Cardinality, The Well Ordering Principle

The Well Ordering Principle

Does every set have a well defined size? Can every set be mapped onto a cardinal? Can the elements of every set be well ordered? The "well ordering principle" says yes, but it really depends on the axiom of choice. In fact the well ordering principle and the axiom of choice are equivalent. Either implies the other.

First assume the well ordering principle holds, hence every set can be well ordered. We want to prove the axiom of choice.

Consider an indexed collection of sets Ax for every x in S. (Here S is the indexing set.) Assume each Ax is nonempty. Let U be the union over Ax and let P be the product set. Let w be any well ordering on U, which exists by the well ordering principle. Write a formula that pairs each x with the least element in Ax, according to w. Turn this formula into a set by comprehension, and realize that this set belongs to P. Thus P is nonempty, and the axiom of choice is true.

Conversely, assume the axiom of choice and let S be a set that cannot be well ordered. Let W be the set of subsets of S that can be well ordered. Verify that W is indeed a set, an application of the formula "can be well ordered" applied to the power set of S. Note that S ∉ W, since S cannot be well ordered.

Let f be any function from W into S. In other words, the well ordered subsets of S are mapped back into S. We wish to show there is some subset q ∈ W such that f(q) ∈ q.

If S is the integers, such a function f might start out looking like this. Each subset maps to a point not in the subset, for a while, but eventually this must fail.

(2,5,7) → 13
(5,6,9,23) → 4
(6) → 19
(even numbers) → 17
(prime numbers) → 77
…
q = (4,37,93,105,433,629,1383,…) → 93

Let f be any function as described above. Let S0 = f(∅). Let S1 = f(S0), S2 = f({S0,S1}), S3 = f({S0,S1,S2}), and so on. We are defining a new function e(ordinals) recursively. At each step the value of e() is determined by the value of f on a well ordered subset of S. At some point e is applied to an ordinal that will not fit into S, hence e is not a 1-1 function. Let b be the least ordinal such that e(b) = e(c) for some c < b. Let q be the set of points S0 S1 S2 .. up to but not including Sb. Now f(q) = Sc, which is contained in q. We have produced a subset q such that f(q) belongs to q.

Let P be the direct product of the power set of S, without the empty set and without S itself. Imagine selecting an element from each subset. In other words, a choice function maps each subset to an element in that subset. Let c() be such a function. We know c() exists, thanks to the axiom of choice.

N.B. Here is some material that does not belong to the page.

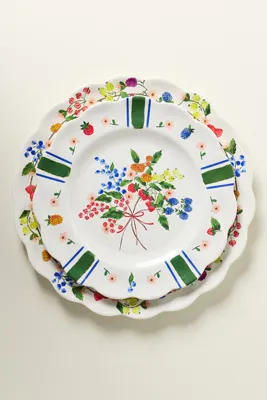 Annette Floral Dessert Plate - White, Melamine product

Build a new function f(), on the subsets of S, such that f(x) is c applied to the complement of x. Now f maps every subset to an element outside of that subset. Bring in an ordered pair that maps the empty set to something in S. Now the domain of f is all the proper subsets of S, and f never maps a subset to any element of that subset. Our previous collection W, well ordered subsets of S, does not include S, and is part of the domain of f. Yet we showed that such a function cannot exist. There will always be some f(q) ∈ q. Therefore S can be well ordered.

The axiom of choice is equivalent to the well ordering principle, which asserts a well ordering on every set. Either implies the other.

Given the well ordering principle, every set is represented by a cardinal. Any two sets can be compared, and the "sizes" of sets are linearly ordered. In fact they are well ordered, according to the cardinals.

As a corollary, a function from S onto T implies |S| ≥ |T|. Take the inverse of f, selecting the least element in each preimage, and build a 1-1 map from T into S.

If separate functions map S onto T, and T onto S, then two injections embed T in S, and S in T. Use the Schroder Bernstein theorem to produce a bijection between S and T, hence they have the same cardinality. But again, this is only valid if the axiom of choice holds.